In [70]:
#Lab 8 - Charles Voigt
#Housekeeping
import numpy as np
import pandas as pd
from matplotlib.pyplot import subplots
import sklearn.model_selection as skm
from ISLP import load_data, confusion_table
from ISLP.models import ModelSpec as MS
from sklearn.tree import (DecisionTreeClassifier as DTC,
                          DecisionTreeRegressor as DTR,
                          plot_tree,
                          export_text) #DTC for classification, DTR for regression, plot_tree to visualize tree, export_text to get rules
from sklearn.metrics import (accuracy_score,
                             log_loss) #accuracy_score for classification accuracy, log_loss for cross-entropy loss
from sklearn.ensemble import \
     (RandomForestRegressor as RF,
      GradientBoostingRegressor as GBR,
      GradientBoostingClassifier as GBC) #RF for random forest, GBR for boosting
from ISLP.bart import BART #Bayesian Additive Regression Trees
import warnings
warnings.filterwarnings('ignore')


In [13]:
#Question 1
hitters = load_data('Hitters')
hitters = hitters.dropna()

model = MS(hitters.columns.drop('Salary'), intercept=False) 
D = model.fit_transform(hitters) 
feature_names = list(D.columns) 
X = np.asarray(D)

(X_train,
 X_test,
 y_train,
 y_test) = skm.train_test_split(X,
                                hitters['Salary'],
                                test_size=0.3,
                                random_state=42)

bag_hitters = RF(max_features=X_train.shape[1],
                n_estimators=300,
                random_state=42).fit(X_train, y_train) 
y_hat_bag = bag_hitters.predict(X_test) 
test_mse = np.round(np.mean((y_test - y_hat_bag)**2), 2)
test_mse

np.float64(120962.79)

#### Question 1 Discussion
The test MSE of the bagging Random Forest Model is 120962.79

In [19]:
#Question 2
RF_hitters = RF(max_features= 5,
                n_estimators=300,
                random_state=42).fit(X_train, y_train) 
y_hat_rf = RF_hitters.predict(X_test) 

feature_imp = pd.DataFrame(
    {'importance':RF_hitters.feature_importances_},
    index=feature_names)
feature_imp.sort_values(by='importance', ascending=False)

Unnamed: 0,importance
CHits,0.141982
CAtBat,0.11709
CRBI,0.113281
CRuns,0.101749
CHmRun,0.074938
CWalks,0.067593
PutOuts,0.057856
RBI,0.051779
AtBat,0.050193
Runs,0.047026


#### Question 2 Discussion
CHits has the highest importance score

In [56]:
#Question 3
oj = load_data('OJ')
oj['Purchase'].value_counts()

CH = np.where(oj.Purchase == 'CH',
                "Yes",
                "No")

In [60]:
#Question 3 (continued)
model = MS(oj.columns.drop('Purchase'), intercept=False)
D = model.fit_transform(oj)
feature_names = list(D.columns) 
X = np.asarray(D)
y = CH

(X_train,
 X_test,
 y_train,
 y_test) = skm.train_test_split(X,
                                y,
                                test_size=0.25,
                                random_state=42)
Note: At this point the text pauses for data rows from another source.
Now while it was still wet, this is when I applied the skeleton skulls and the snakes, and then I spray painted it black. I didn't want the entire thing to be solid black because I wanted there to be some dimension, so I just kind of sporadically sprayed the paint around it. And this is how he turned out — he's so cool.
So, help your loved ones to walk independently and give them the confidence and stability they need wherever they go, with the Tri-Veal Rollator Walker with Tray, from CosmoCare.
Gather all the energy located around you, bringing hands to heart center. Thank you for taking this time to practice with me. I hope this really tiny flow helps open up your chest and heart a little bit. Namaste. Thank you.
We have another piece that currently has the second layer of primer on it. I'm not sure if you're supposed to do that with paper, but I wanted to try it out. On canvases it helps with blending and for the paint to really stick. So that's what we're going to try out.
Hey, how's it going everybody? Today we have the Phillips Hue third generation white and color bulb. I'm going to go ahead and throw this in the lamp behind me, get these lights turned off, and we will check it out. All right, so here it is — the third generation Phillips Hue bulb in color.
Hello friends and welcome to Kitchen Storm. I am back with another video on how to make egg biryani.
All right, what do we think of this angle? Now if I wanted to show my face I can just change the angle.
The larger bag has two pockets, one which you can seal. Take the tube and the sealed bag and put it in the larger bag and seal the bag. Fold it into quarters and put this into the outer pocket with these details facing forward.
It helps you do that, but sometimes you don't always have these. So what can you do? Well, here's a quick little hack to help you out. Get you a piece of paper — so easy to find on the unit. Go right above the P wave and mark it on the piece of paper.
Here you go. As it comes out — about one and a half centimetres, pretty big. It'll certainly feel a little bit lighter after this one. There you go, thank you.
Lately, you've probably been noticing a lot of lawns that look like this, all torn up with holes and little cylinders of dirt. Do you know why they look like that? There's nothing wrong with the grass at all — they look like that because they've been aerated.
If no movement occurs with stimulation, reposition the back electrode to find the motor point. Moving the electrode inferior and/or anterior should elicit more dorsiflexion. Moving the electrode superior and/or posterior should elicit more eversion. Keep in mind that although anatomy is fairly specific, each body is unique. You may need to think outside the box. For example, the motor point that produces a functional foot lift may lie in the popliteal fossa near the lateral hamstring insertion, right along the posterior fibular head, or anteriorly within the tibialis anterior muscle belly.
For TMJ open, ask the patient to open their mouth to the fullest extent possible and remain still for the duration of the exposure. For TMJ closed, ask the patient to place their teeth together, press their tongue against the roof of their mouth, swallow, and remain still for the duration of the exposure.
dtc = DTC(criterion='entropy',max_depth=4,random_state=42)      
dtc.fit(X_train, y_train)
testaccuracy = np.round(accuracy_score(y_test, dtc.predict(X_test)), 3)
testaccuracy


np.float64(0.799)

#### Question 3 Discussion
The test accuracy is 0.799.

In [None]:
#Question 4
auto = load_data('Auto')
auto = auto.dropna()
mpg_high = np.where(auto.mpg > auto.mpg.median(),
                    "Yes",
                    "No")
model = MS(auto.columns.drop(['mpg']), intercept=False)
D = model.fit_transform(auto)
feature_names = list(D.columns)
X = np.asarray(D)
y = mpg_high
(X_train,
 X_test,
 y_train,
 y_test) = skm.train_test_split(X,
                                y,
                                test_size=0.3,
                                random_state=42)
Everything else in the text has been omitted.